**WORK TO COMPLETE:**
Starting at the first line of the entries below, restate each line exactly until you reach the line with "Goldcentral Apartment Grand", and print that one too. Leave the pictures out and stop there.

**SUPPLIED RECORDS:**
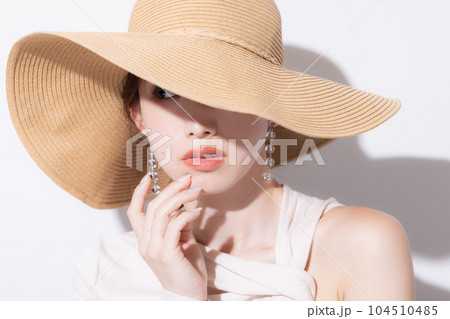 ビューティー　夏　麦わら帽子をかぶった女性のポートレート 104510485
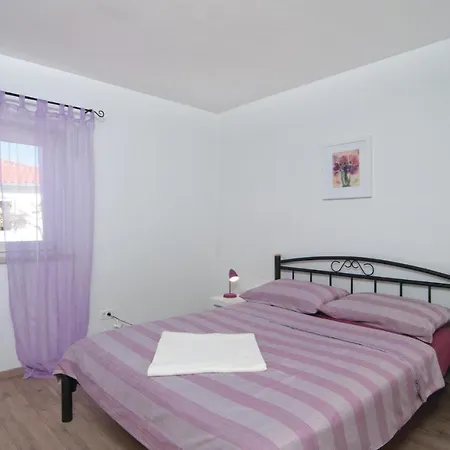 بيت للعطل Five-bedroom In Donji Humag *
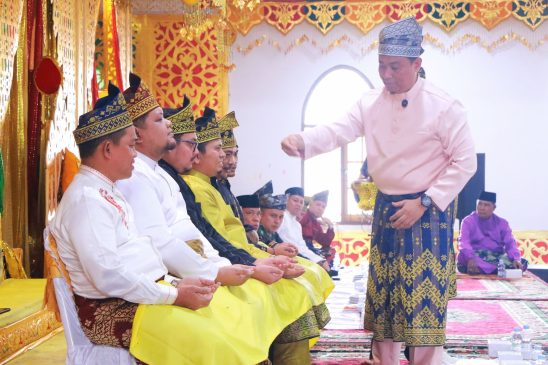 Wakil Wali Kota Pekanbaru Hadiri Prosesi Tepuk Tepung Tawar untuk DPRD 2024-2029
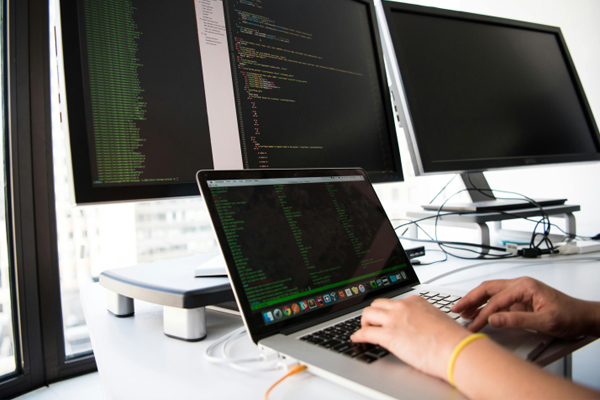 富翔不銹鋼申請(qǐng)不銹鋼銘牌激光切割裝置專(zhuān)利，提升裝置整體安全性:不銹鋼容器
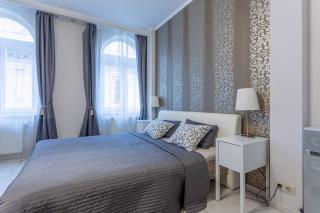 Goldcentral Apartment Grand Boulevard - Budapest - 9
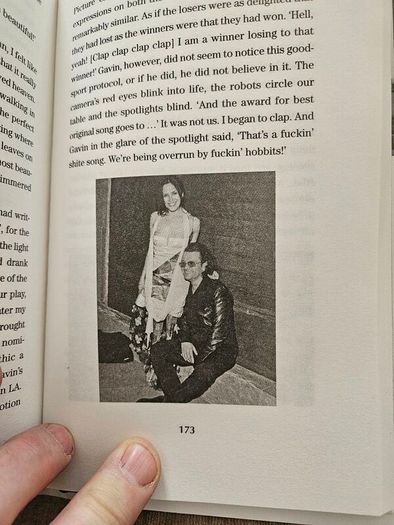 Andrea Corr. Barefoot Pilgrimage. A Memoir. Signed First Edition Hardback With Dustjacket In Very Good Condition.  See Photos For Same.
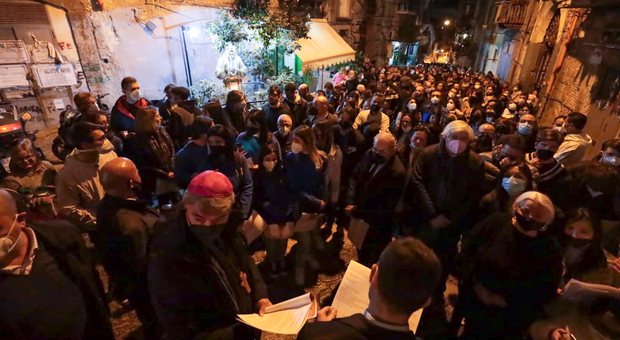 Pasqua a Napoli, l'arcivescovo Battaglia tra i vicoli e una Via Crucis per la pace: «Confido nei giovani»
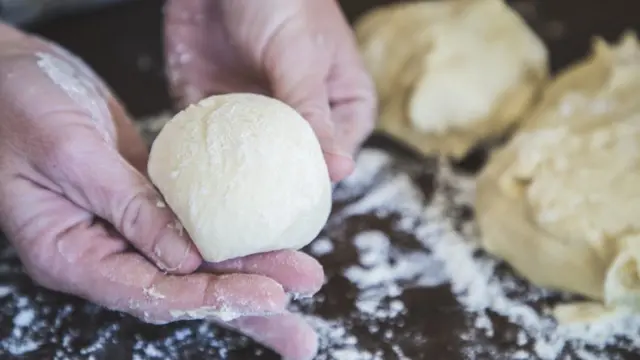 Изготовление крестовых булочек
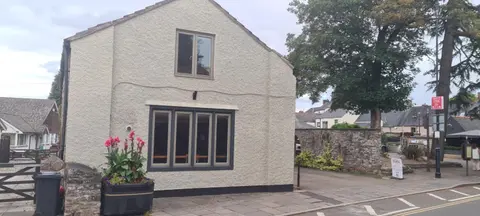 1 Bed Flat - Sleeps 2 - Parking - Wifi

**EXERCISE RESPONSE:**
 ビューティー　夏　麦わら帽子をかぶった女性のポートレート 104510485
 بيت للعطل Five-bedroom In Donji Humag *
 Wakil Wali Kota Pekanbaru Hadiri Prosesi Tepuk Tepung Tawar untuk DPRD 2024-2029
 富翔不銹鋼申請(qǐng)不銹鋼銘牌激光切割裝置專(zhuān)利，提升裝置整體安全性:不銹鋼容器
 Goldcentral Apartment Grand Boulevard - Budapest - 9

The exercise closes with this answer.